The Mourning Mothers of Iran, also known as heroes throughout the region as the ‘Mothers of Laleh Park,’ they work to bring attention to human rights violations that continue to occur inside Iran’s prison and the Ministry of Intelligence police system.
The group has been working together for over 31 years on campaigns to demand justice against what they describe as “those responsible for ordering and carrying out individual and mass executions, ethnic and religious massacres, imprisonments, tortures, rapes and assassinations.” They have also spoken out publicly against the ‘illegal’ raiding and ransacking of homes and the pillaging of student dormitories by persons acting under Iranian government authority as far back as the 1980s.

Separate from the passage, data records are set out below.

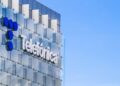 Telefónica revoluciona su estructura en España: tres nuevas divisiones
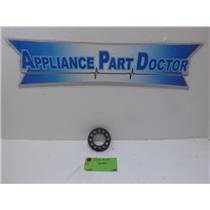 Wolf Range 720802 Cross Burner Used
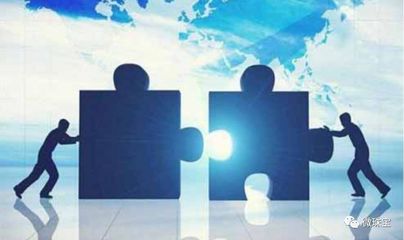 珠寶銷售淡季的破局之道 巧妙結合服裝輔料，提升業(yè)績與客戶粘性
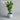 Fibrestone Coastline Planter Pot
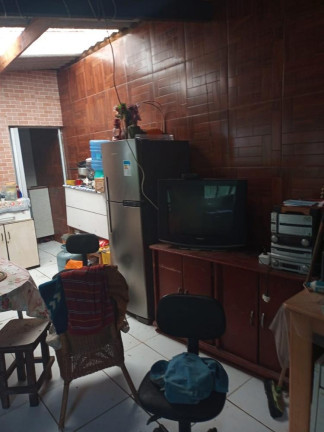 Imagem Imóvel com 2 Quartos à Venda, 1.500 m² em Caete (mailasqui) - São Roque Imagem Imóvel com 2 Quartos à Venda, 1.500 m² em Caete (mailasqui) - São Roque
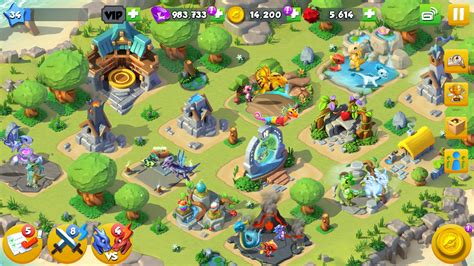 Galeri foto top up dragon mania legend yang diskon gila setelah itu main ranked no scam kuliner rumahan untuk penonton episode lalu share ke teman Diamond Hunter Profesional sejati di di halaman notifikasi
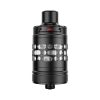Aspire Nautilus 3 Tank - Black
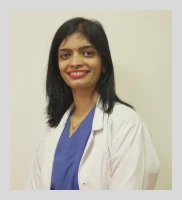 Dr. Jyoti Tripathi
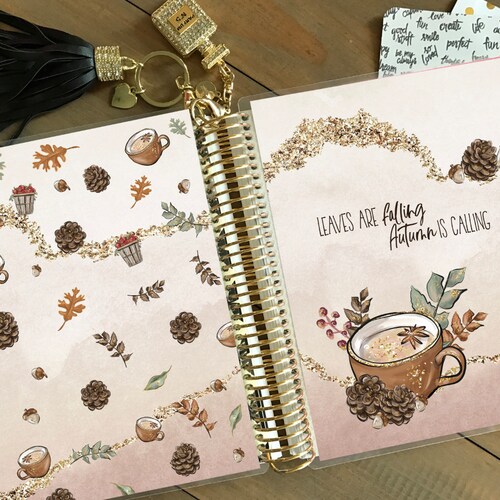 Winnie the Pooh Wood Map Two-Sided Dashboard for use with Happy Planner Winnie the Pooh Wood Map Two-Sided Dashboard for use with Happy Planner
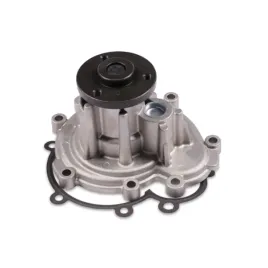 pompa-wody-porsche-cayenne-02-07-s-turbo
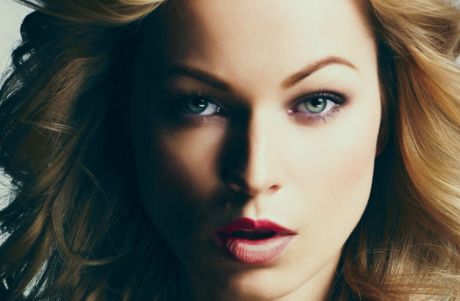 眼窩額頭打造的脂肪填充方案及價(jià)格對(duì)比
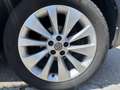Opel Mokka X Innovation 4x4 AHK Winter-Paket Grau - thumbnail 8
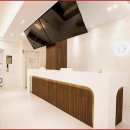 서울강남플란트치과의원 이미지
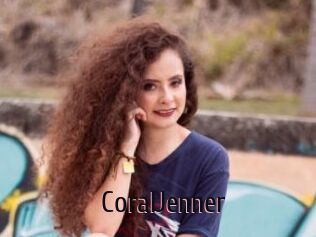 CoralJenner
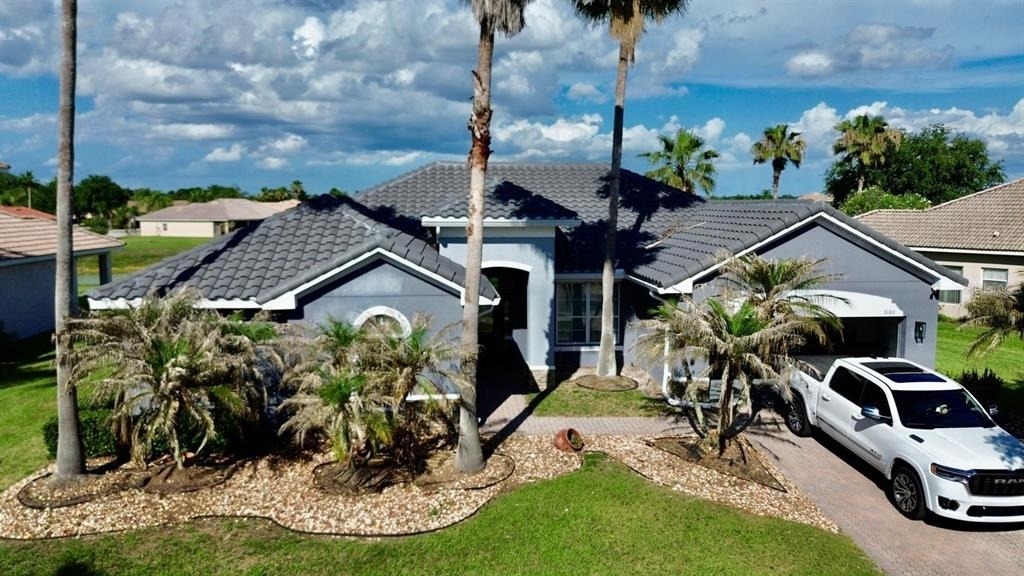 3180 Winding Trail - Photo 61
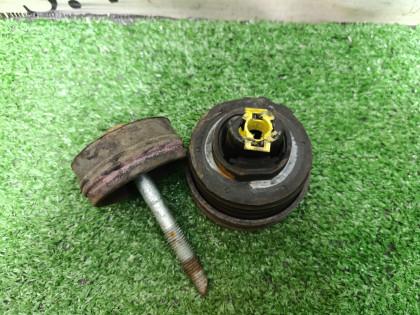 Подушка рамы GMT360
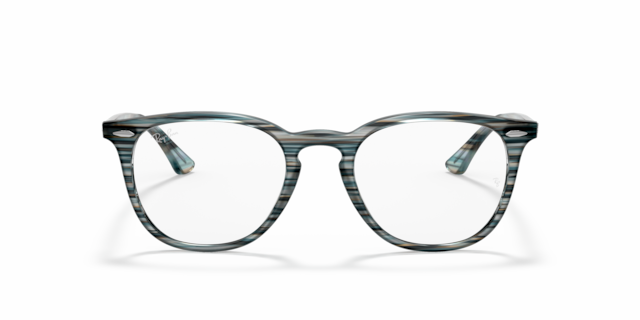 Ray-Ban Ray-Ban Glasses in Tortoise | Target Optical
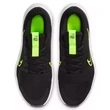 NIKE M NIKE TRAINER 2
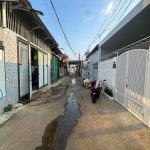 Bán Nhà Hẻm 80m² Sau Nhà Thờ Y Moan Tân Lợi – Giá 2 Tỷ 990 Triệu - ảnh 6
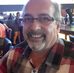 Profile Picture of Alain Laforte (@alaindenislaforte) on Facebook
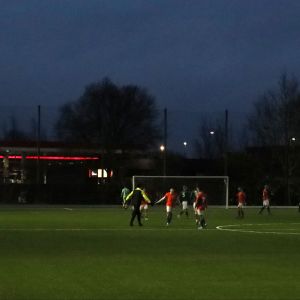 fotoalbums/1765102970_img-1231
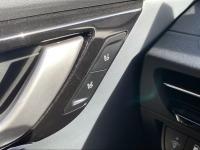 Kia Ev6 GT-Line 77,4kWh 168kW RWD Long Range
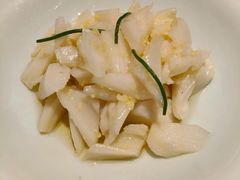 -醉长安(钟楼旗舰店)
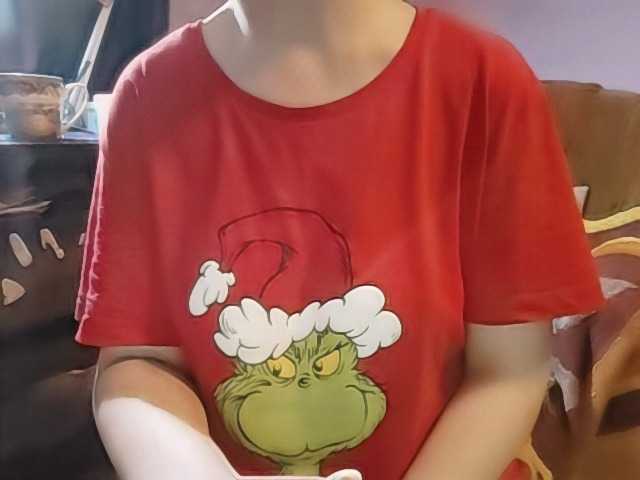 Kitti-'s BongaCams show and profile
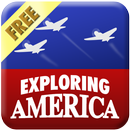 Tuskegee Airmen (free) APK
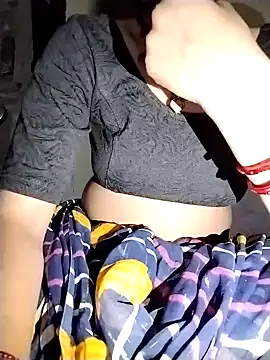 Poonam-bab online show from 02.28.25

Made up of older grandmothers as well as younger mothers, the women who have been recognized internationally for their bravery, include many who have personally lost children who were killed, detained or became ‘missing’ during the green democracy movement protests following the June 2009 presidential elections in Iran. The Mothers, who meet regularly in Tehran’s Laleh Park to hold flowers, candles and photos of their missing or dead children, consider themselves to be the mothers of all prisoners-of-conscience in Iran.
A recent report by Human Rights Activists News Agency (Hrana), has outlined that Ms. Mansoureh Behkish was sentenced to 4 of her years in prison under penal code 610 of Iran’s Islamic Criminal Law. The court decision was made in what Iranian authorities have described becasue of actions leading to Mansoureh to “conspire against national security” as she worked as an organizer with meetings for the Mourning Mothers.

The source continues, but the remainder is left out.